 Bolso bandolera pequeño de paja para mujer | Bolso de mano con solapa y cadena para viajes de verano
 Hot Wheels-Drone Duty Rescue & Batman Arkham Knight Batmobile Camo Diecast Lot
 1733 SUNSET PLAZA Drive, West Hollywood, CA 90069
* * *
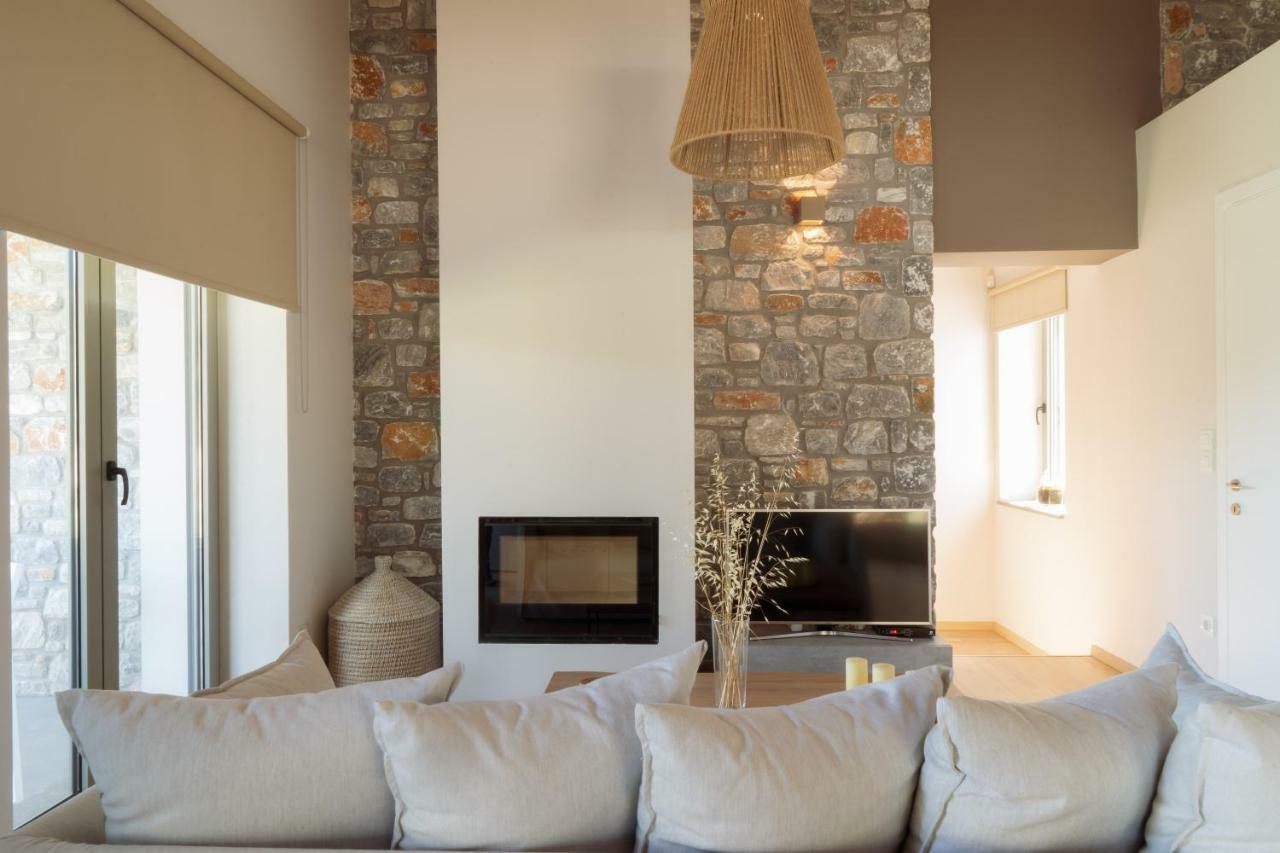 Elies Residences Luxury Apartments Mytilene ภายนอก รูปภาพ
==
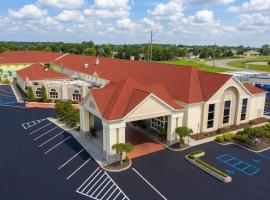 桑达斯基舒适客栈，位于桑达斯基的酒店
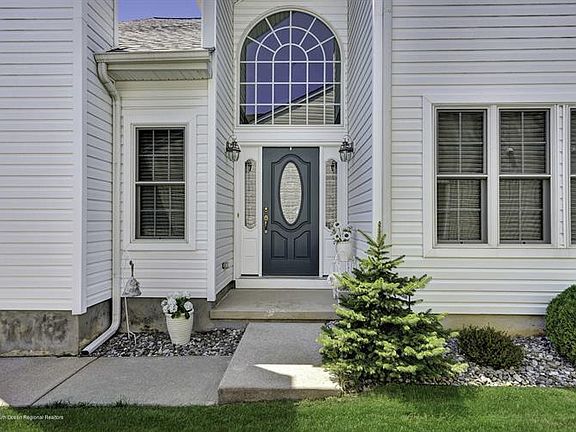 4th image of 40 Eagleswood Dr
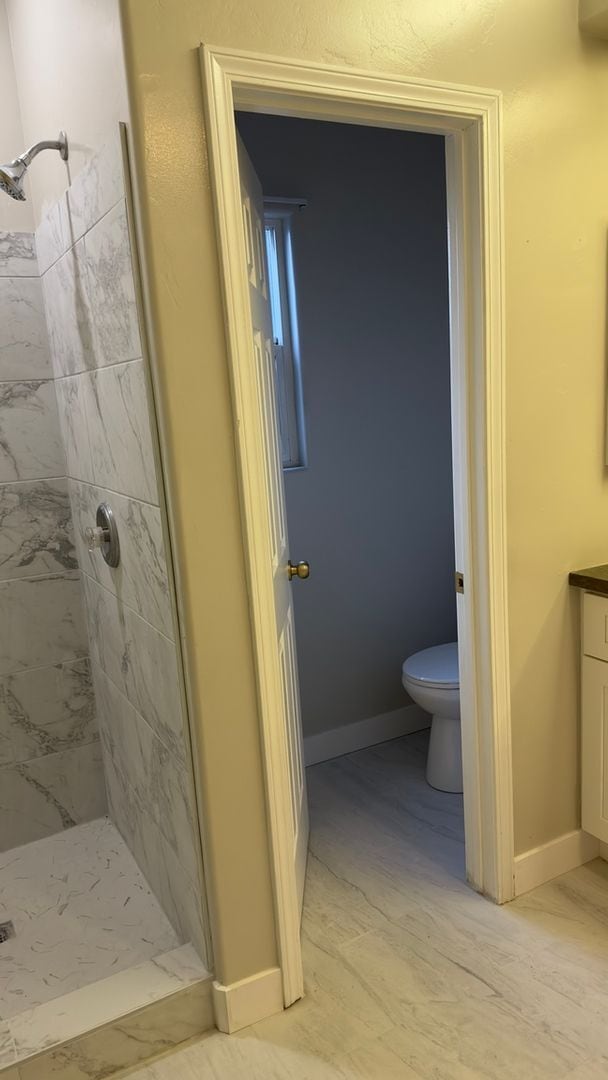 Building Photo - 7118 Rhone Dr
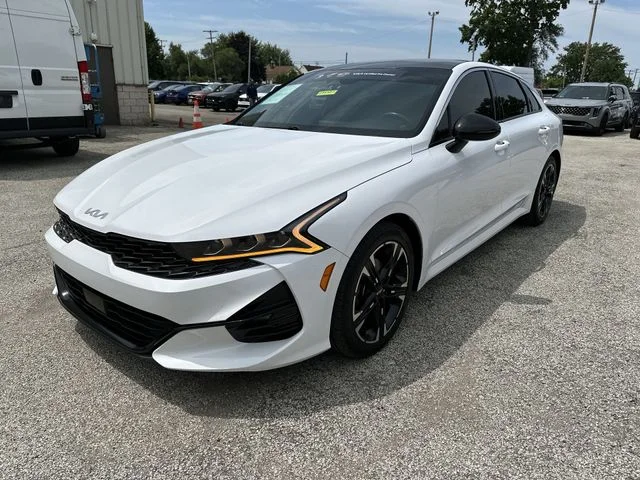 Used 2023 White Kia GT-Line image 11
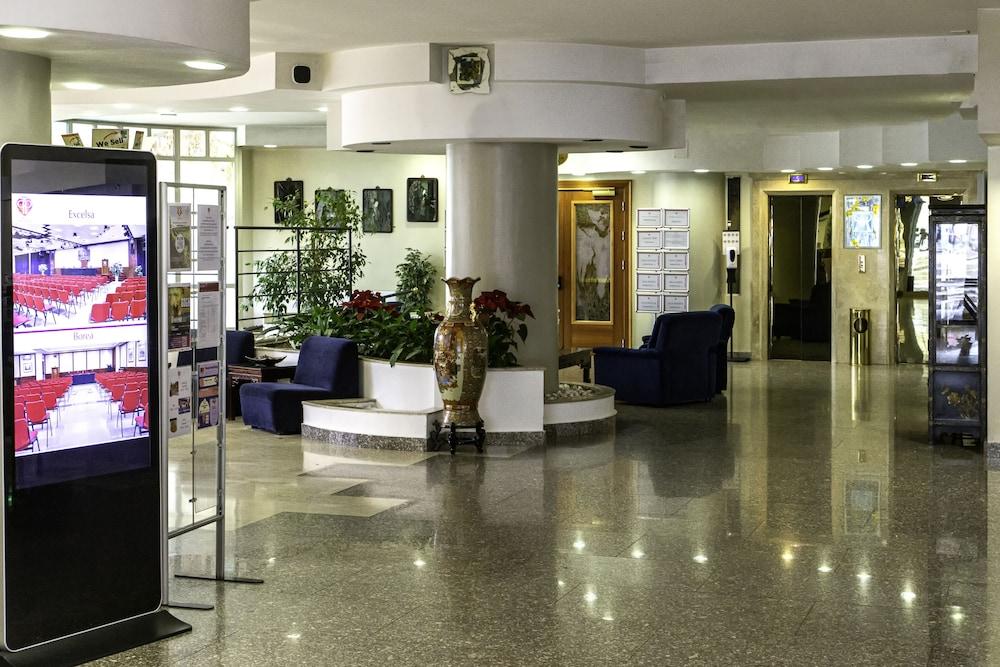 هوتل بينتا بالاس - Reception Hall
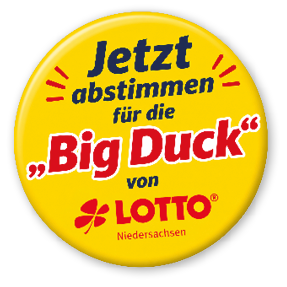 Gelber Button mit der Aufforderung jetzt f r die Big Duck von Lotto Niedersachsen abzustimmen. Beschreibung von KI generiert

> [What needs to be done]
Reproduce exactly the section above that begins at the line containing "Bolso bandolera pequeño" and ends at the line containing "1733 SUNSET PLAZA", leaving out all other lines.

> [Answer to the problem]
 Bolso bandolera pequeño de paja para mujer | Bolso de mano con solapa y cadena para viajes de verano
 Hot Wheels-Drone Duty Rescue & Batman Arkham Knight Batmobile Camo Diecast Lot
 1733 SUNSET PLAZA Drive, West Hollywood, CA 90069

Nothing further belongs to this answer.